Stage magician, agent, dealer and author Will Goldstone once said about Theodore Hardeen:
“Hardeen may have learned his business and some skills from Houdini, and he learned it well, as no man could have failed to do so without such a master. But his natural ability was always there. Even if Houdini had not pointed the way, it is quite likely that Hardeen would have become an escape artiste. I have seen him perform many times and marvel at his achievements. The huge chains were hardly locked in place when he breaks free. The handcuffs and padlocks seem to be mere trifles to escape from. Hardeen like his brother is a great favourite in the magical world. A man of considerable culture and the best raconteur I have ever met. Like Houdini, he is willing to spend money and time freely to further the cause of magic.
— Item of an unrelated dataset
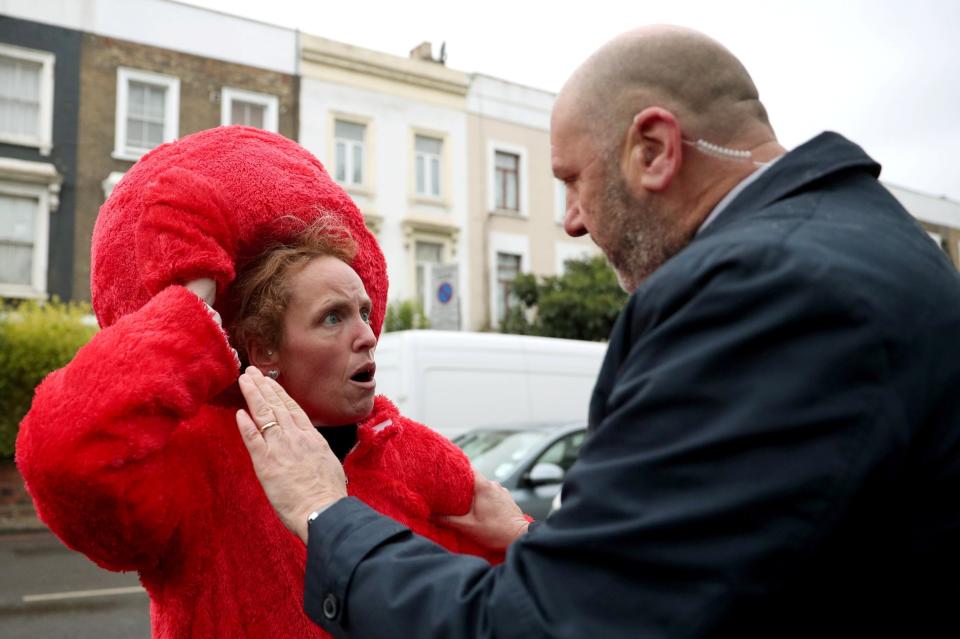 A member of Britain's opposition Labour Party leader Jeremy Corbyn's security detail argues with a protester dressed as Sesame Street character Elmo (REUTERS)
For our members who may be amateurs or professionals regard Theo as a friend while the public regard him as a brilliant artiste and thrilling entertainer”.
Film and Media Success:
An amazing incident happened when Hardeen was performing Houdini’s famous Milk Can Escape for a large liquor dealer’s convention. Someone had the idea to fill the milk can with whiskey instead of normal water. The fumes from the whiskey were so overwhelming that Hardeen was overcome. This necessitated Stanley Collins his stage manager to smash the locks with an axe to get the unconscious performer out safely. It was a dramatic experience.
After Houdini’s tragic death in 1926, Theodore Hardeen continued to perform magic and escapology on the vaudeville circuit and unfortunately his career although relatively successful was eclipsed by his brother’s personality and charisma. He did perform a number of times for the troops during the Second World War, as Houdini had during the First World War. During this period
Hardeen used many of the routines and effects that his brother Harry Houdini had used with equal success. In 1936 Hardeen starred in a Warner Brothers’
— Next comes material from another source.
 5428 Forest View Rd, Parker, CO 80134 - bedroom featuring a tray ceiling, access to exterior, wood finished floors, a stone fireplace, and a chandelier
film titled ‘Medium Well Done’. In the film Hardeen played the part of a ‘Hardboiled tough Detective’ on the case of a bogus spirit medium. The film was directed by Lloyd French who directed all the Laurel and Hardy films. From 1938 till 1941 Theo was featured on the Olsen & Johnston’s Broadway long running stage revue called “Hellzapoppin”. This was a musical extravaganza that featured many variety numbers, dancers and music.
Death and Legacy:
Hardeen was planning to write a book on his life in 1945 when he went into the Doctors Hospital New York City for a minor surgery. He unexpectedly died from complications while recovering and passed away June 12th 1945 aged 69. When Houdini who had died in Grace Hospital Detroit in 1926, Hardeen had inherited his bothers comprehensive magic library and all his stage props and equipment that would have secured his continued success as a performer. A good lesson that Theodore hands onto us is that despite being the brother of Harry Houdini and even with both of them following almost identical careers, Hardeen was his own man and performed in his own way throughout his life, something we should all do.
It is interesting to note that the magic library that Theo inherited was later donated and is now housed in the American Library of Congress. Both Harry Houdini and Theodore Hardeen lie buried in the Machpelah Jewish Cemetery in Queens, New York, and both brothers will be remembered in the long and rich history of magic.